Some Germans are the latest to add their voices to the hoped for Motu Proprio granting a freer use of the classical liturgy.
Speigel Online, an German news source, has a story on this. (If anyone is fluent in German and has the time to quickly translate this, please do. Online translation tools don't work well with German I find.)
As well, Philip Savage, who has been translating Martin Mosebach's writings into English, has been kind of enough to give to the NLM, exclusively, this English translation of Mosebach's Six Ulm Theses. It will no doubt stir up discussion and some debate.
Given the interest in Mr. Mosebach with the English language release of The Heresy of Formlessness, these sorts of writings, heretofore unknown in the English speaking world (so far as I know) provide additional context to understanding Mosebach's personal thoughts on the liturgical question, including the reforms which followed the Council.
These in particular are related to the post-conciliar reform as it happened, versus the mandate of the Council, and also issues pertaining to the liturgical principle of organic development.
You may click the link above to read the piece in its entirety. Here below is an excerpt from the very beginning of the piece:
Paul VI’s reform of the Mass following the Second Vatican Council represents a unique event in the history of the Church.
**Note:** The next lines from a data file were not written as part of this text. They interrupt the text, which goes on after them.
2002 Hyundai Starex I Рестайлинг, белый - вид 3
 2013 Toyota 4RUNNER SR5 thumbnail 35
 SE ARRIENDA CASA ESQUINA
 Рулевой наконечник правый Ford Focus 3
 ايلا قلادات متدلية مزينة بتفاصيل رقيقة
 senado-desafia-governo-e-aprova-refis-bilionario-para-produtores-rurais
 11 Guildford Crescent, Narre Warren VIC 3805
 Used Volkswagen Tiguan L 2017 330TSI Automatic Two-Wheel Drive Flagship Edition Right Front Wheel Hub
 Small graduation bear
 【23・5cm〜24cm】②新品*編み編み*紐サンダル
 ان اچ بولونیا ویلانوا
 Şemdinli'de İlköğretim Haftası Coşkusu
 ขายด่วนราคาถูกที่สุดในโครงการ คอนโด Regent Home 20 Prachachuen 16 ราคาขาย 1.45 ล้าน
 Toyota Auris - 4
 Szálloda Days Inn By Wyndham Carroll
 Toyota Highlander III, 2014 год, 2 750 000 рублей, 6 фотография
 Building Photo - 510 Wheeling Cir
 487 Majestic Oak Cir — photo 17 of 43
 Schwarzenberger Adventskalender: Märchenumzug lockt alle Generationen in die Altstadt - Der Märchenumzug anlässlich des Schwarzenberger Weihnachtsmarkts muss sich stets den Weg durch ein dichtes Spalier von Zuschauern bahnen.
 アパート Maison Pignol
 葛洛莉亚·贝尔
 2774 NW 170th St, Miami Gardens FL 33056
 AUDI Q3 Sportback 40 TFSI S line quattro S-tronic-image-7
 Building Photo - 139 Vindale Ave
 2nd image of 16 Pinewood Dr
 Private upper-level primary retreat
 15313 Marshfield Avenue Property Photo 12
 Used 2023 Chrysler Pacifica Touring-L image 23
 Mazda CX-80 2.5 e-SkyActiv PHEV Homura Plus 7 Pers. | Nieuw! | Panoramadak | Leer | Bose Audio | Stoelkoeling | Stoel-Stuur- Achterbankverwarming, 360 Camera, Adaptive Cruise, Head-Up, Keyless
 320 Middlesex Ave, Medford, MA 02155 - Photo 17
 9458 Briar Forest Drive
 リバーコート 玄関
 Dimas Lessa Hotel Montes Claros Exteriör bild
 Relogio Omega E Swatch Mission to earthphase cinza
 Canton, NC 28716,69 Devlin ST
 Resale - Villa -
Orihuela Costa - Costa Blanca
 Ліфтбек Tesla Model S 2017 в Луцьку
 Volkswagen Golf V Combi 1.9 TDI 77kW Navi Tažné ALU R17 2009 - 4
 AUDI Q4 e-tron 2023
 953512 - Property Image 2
Never before had the Church forbidden an old rite, never before had she, as Cardinal Ratzinger has stated, put a “fabricated rite” in the place of a traditional one. The defining rite of the Western Church prior to 1968 is in no measure “Tridentine”, i.e. the creation of the Council Of Trent, as many would erroneously have it, but can, in its essentials, be traced back to Gregory the Great. It was the rite of the Pope and the City of Rome....
(I would remind people that this is not an invitation to "trash" the Pauline liturgy. Discussing, constructively critiquing, and analyzing ought to be one's approach and response.)